Für die Dichtigkeit ist diese Unterscheidung doppelt relevant: Je dicker das Substrat und je intensiver die Bepflanzung, desto besser geschützt liegt die Abdichtung — aber desto schwieriger wird auch jede spätere Leckortung und Reparatur, weil mehr Material abgetragen werden muss, um an die Bahn zu kommen. Bei einer Sanierung der Abdichtung unter einer intensiven Begrünung können die Kosten für das Abräumen und Wiederherstellen der Vegetation den eigentlichen Dachdecker-Aufwand übersteigen. Wer ein begrüntes Dach plant, sollte das von Anfang an einkalkulieren und auf eine besonders langlebige, hochwertige Abdichtungsbahn setzen, damit der Sanierungsfall möglichst weit in der Zukunft liegt.

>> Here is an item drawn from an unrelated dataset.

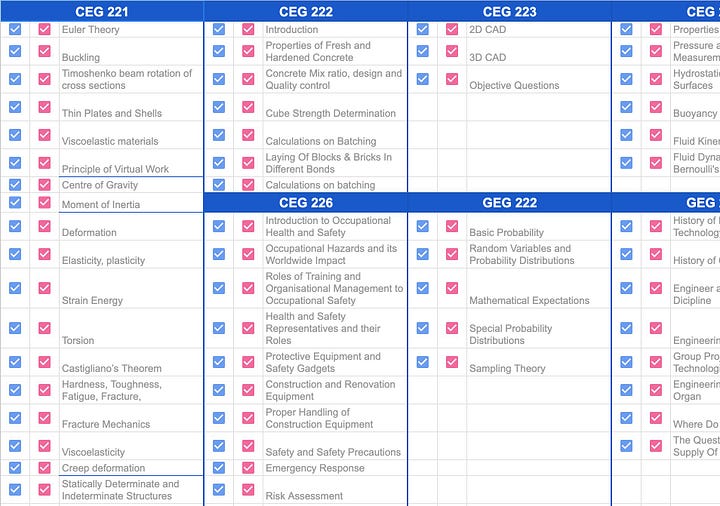 Study Tracker and Course Checklist Templates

Worauf du beim begrünten Dach achten solltest

Über die reine Dachtechnik hinaus bringt ein Gründach Nebeneffekte, die seinen Aufwand rechtfertigen: Es puffert Regenwasser und entlastet die Kanalisation, was in einigen Kommunen zu reduzierten Niederschlagswassergebühren führt. Es dämmt im Sommer gegen Hitze und im Winter geringfügig zusätzlich, und es bindet Feinstaub. Für die Frage der Dichtigkeit zählt aber vor allem der Schutz der Abdichtung — und der funktioniert nur, solange die Schichten intakt und die Abläufe frei bleiben.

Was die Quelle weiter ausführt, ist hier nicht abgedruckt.